--- PROVIDED DATA Enclosed Below ---
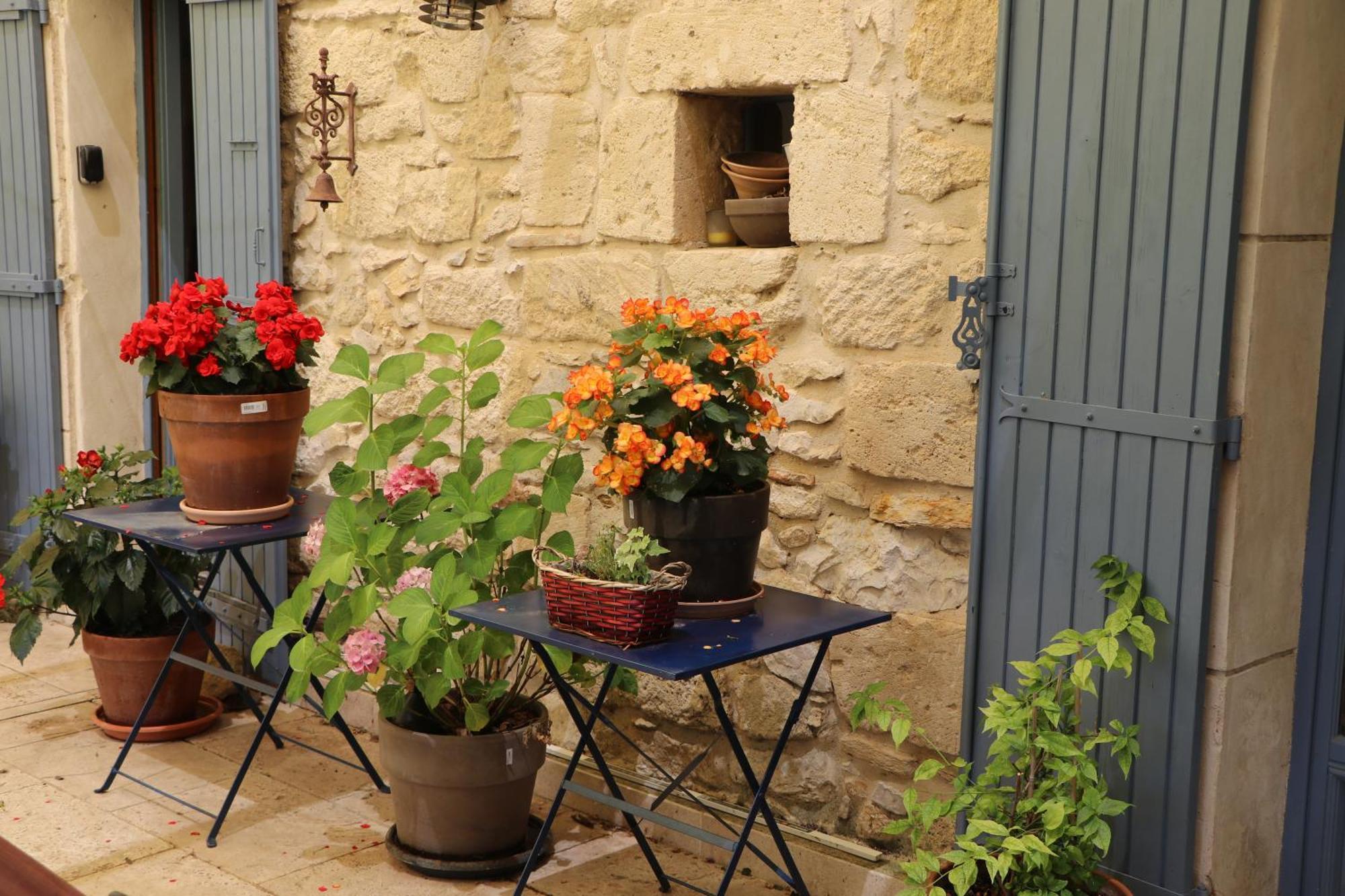Le Mas Des Cerisiers Jacuzzi Et Sauna Inclus Pour Tous Les Logements Avignon Exteriör bild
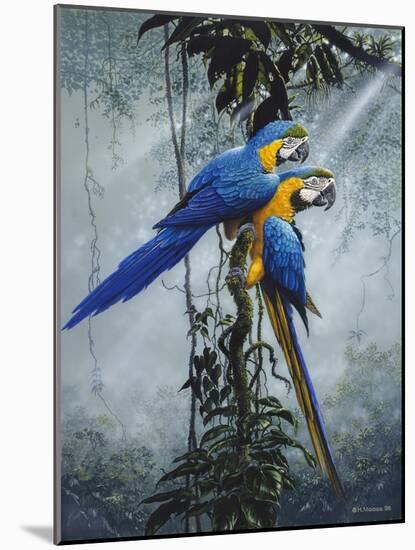 Blue and Yellow Macaws 2-Harro Maass-Mounted Giclee Print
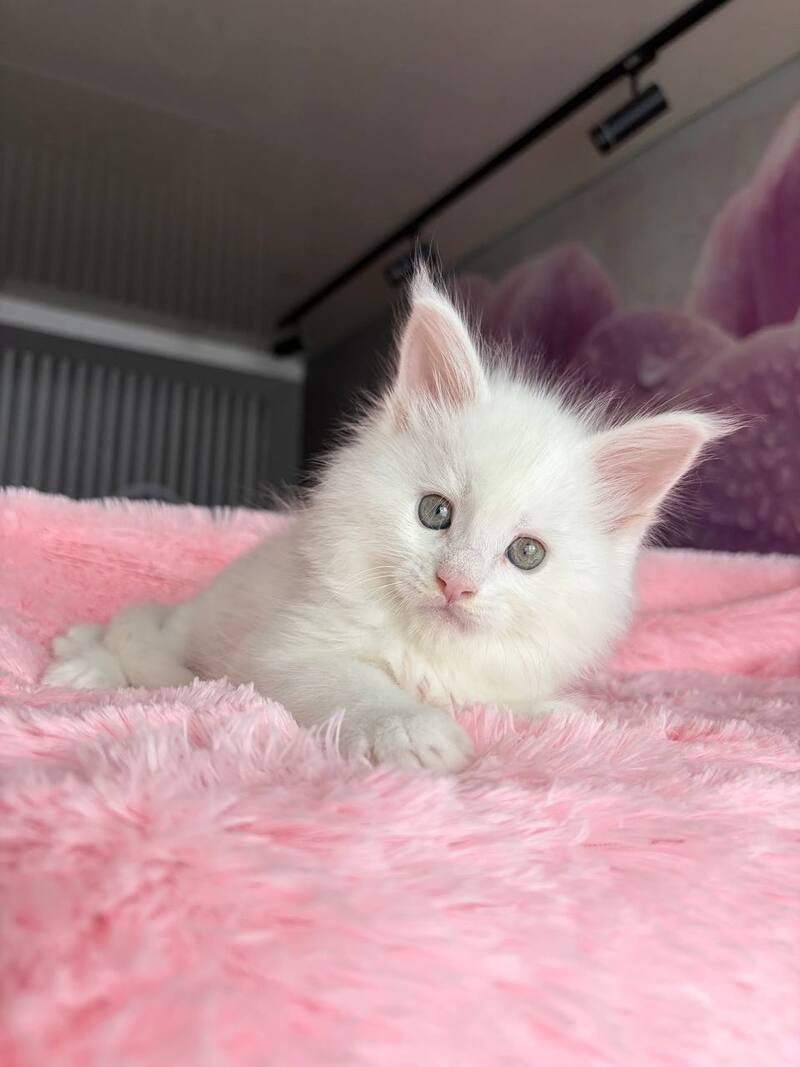 White Angel Maine Coon male white - live animals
--- End of Enclosed PROVIDED DATA ---
## TASK OBJECTIVE:
Reproduce all of the material exactly, apart from the pictures.

## RESPONSE TO THIS TASK:
Le Mas Des Cerisiers Jacuzzi Et Sauna Inclus Pour Tous Les Logements Avignon Exteriör bild
 Blue and Yellow Macaws 2-Harro Maass-Mounted Giclee Print
 White Angel Maine Coon male white - live animals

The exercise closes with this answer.